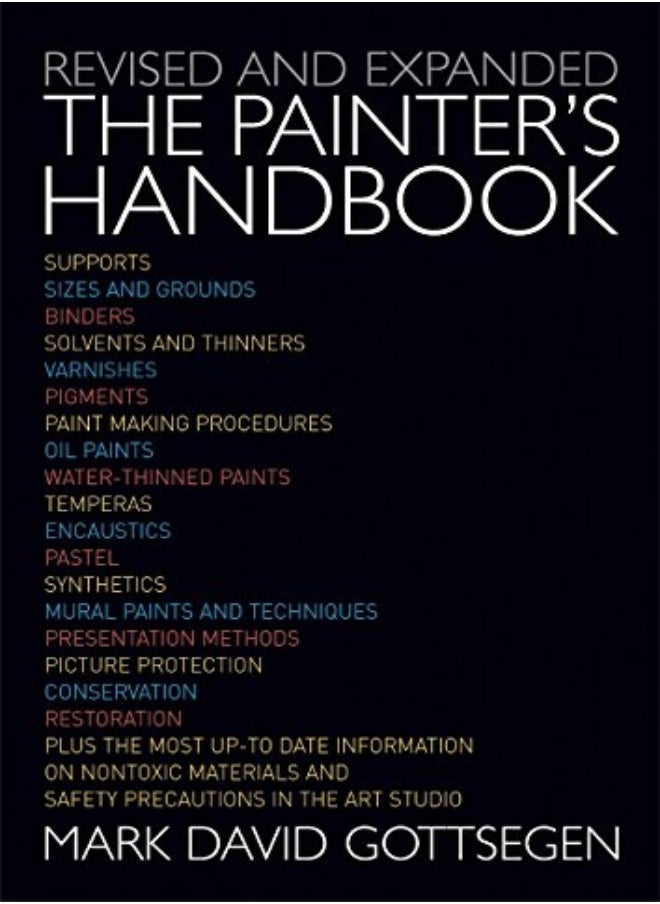 null - Painters Handbook The by Gottsegen, M Paperback - Image 1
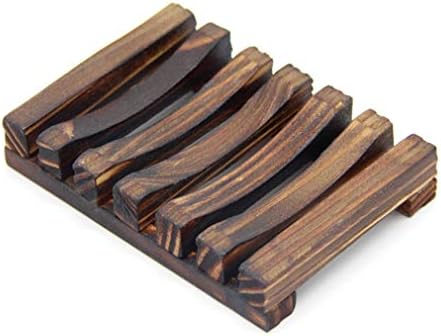 Familyhouse Natural Wood Soap Dish Holder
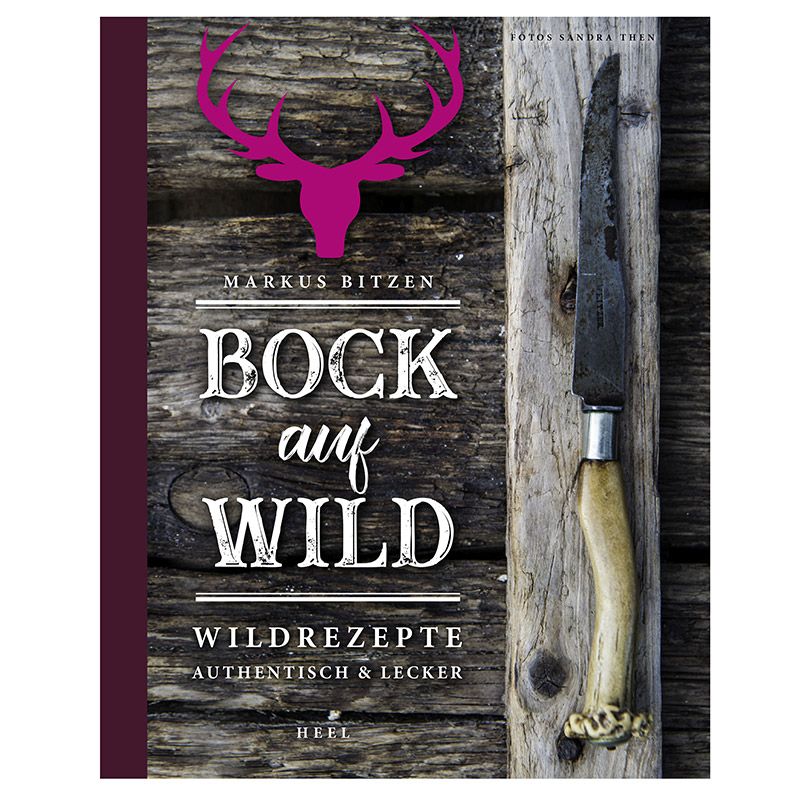 Bock auf Wild Kochbuch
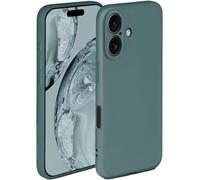 ONEFLOW Soft Case for iPhone 17 Silicone Case with Camera Protection, Silicone Case with Increased Protection for Display, Back Cover Protective Case, Soft Mobile Phone Case, Petrol Blue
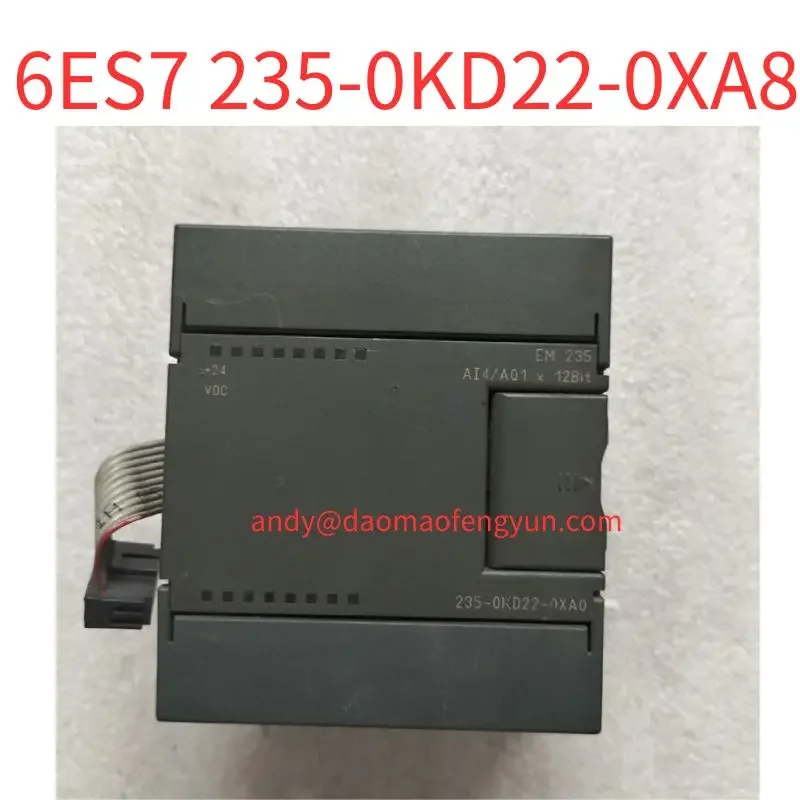 

Б/у модуль 6ES7 235-0KD22-0XA8 тест ОК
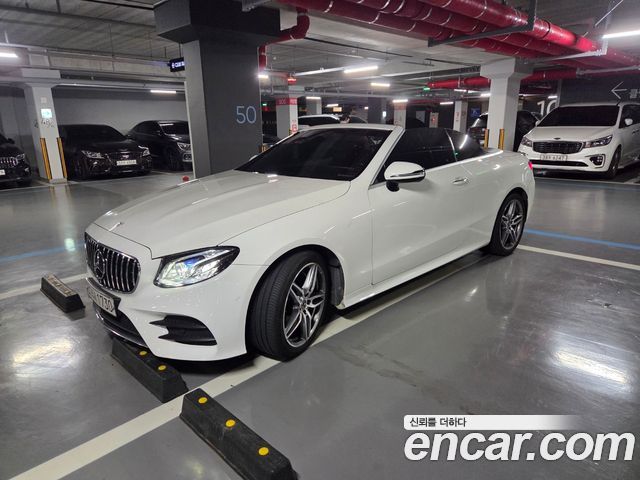 Mercedes-Benz E-Class (W213) E220d Cabriolet 2020 — фото 2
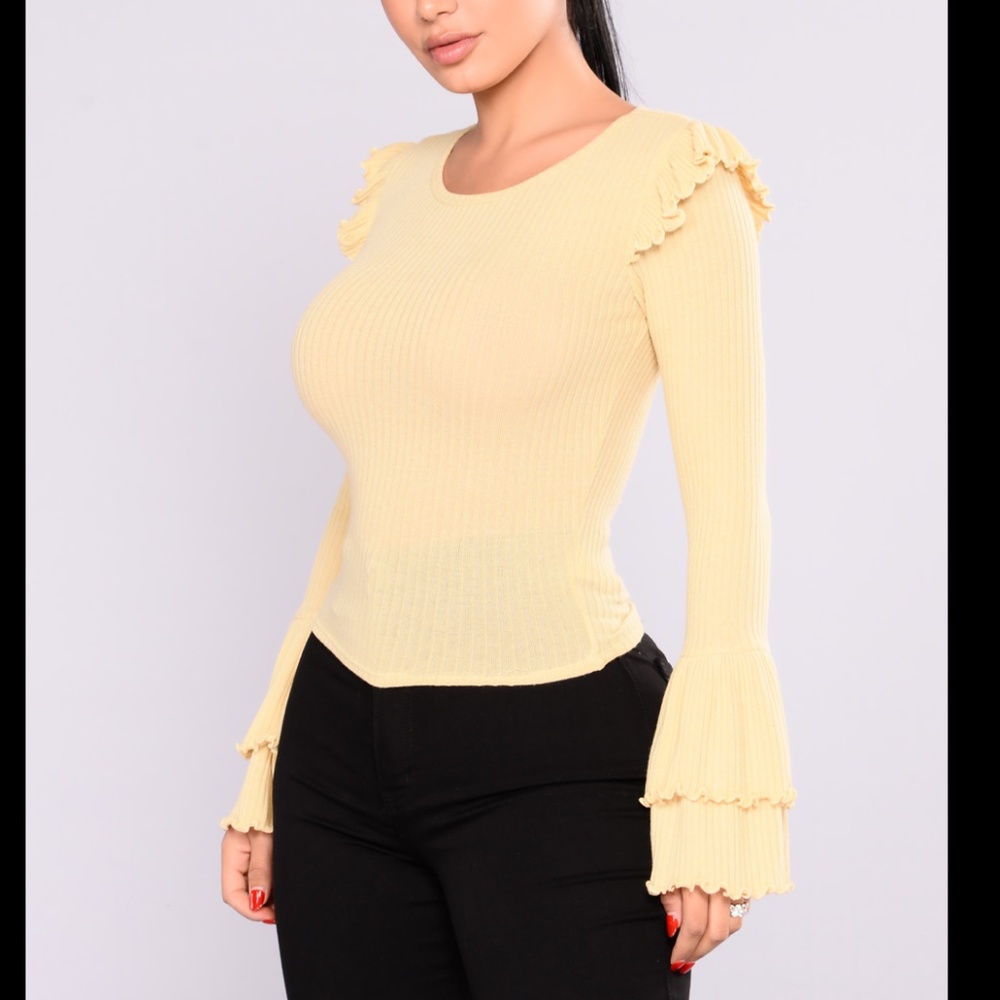 Josie Ruffle top - Picture 2 of 2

AIM OF THE TASK »
The records above must be returned exactly, with each picture omitted.

RESPONSE »
 null - Painters Handbook The by Gottsegen, M Paperback - Image 1
 Familyhouse Natural Wood Soap Dish Holder
 Bock auf Wild Kochbuch
 ONEFLOW Soft Case for iPhone 17 Silicone Case with Camera Protection, Silicone Case with Increased Protection for Display, Back Cover Protective Case, Soft Mobile Phone Case, Petrol Blue

Б/у модуль 6ES7 235-0KD22-0XA8 тест ОК
 Mercedes-Benz E-Class (W213) E220d Cabriolet 2020 — фото 2
 Josie Ruffle top - Picture 2 of 2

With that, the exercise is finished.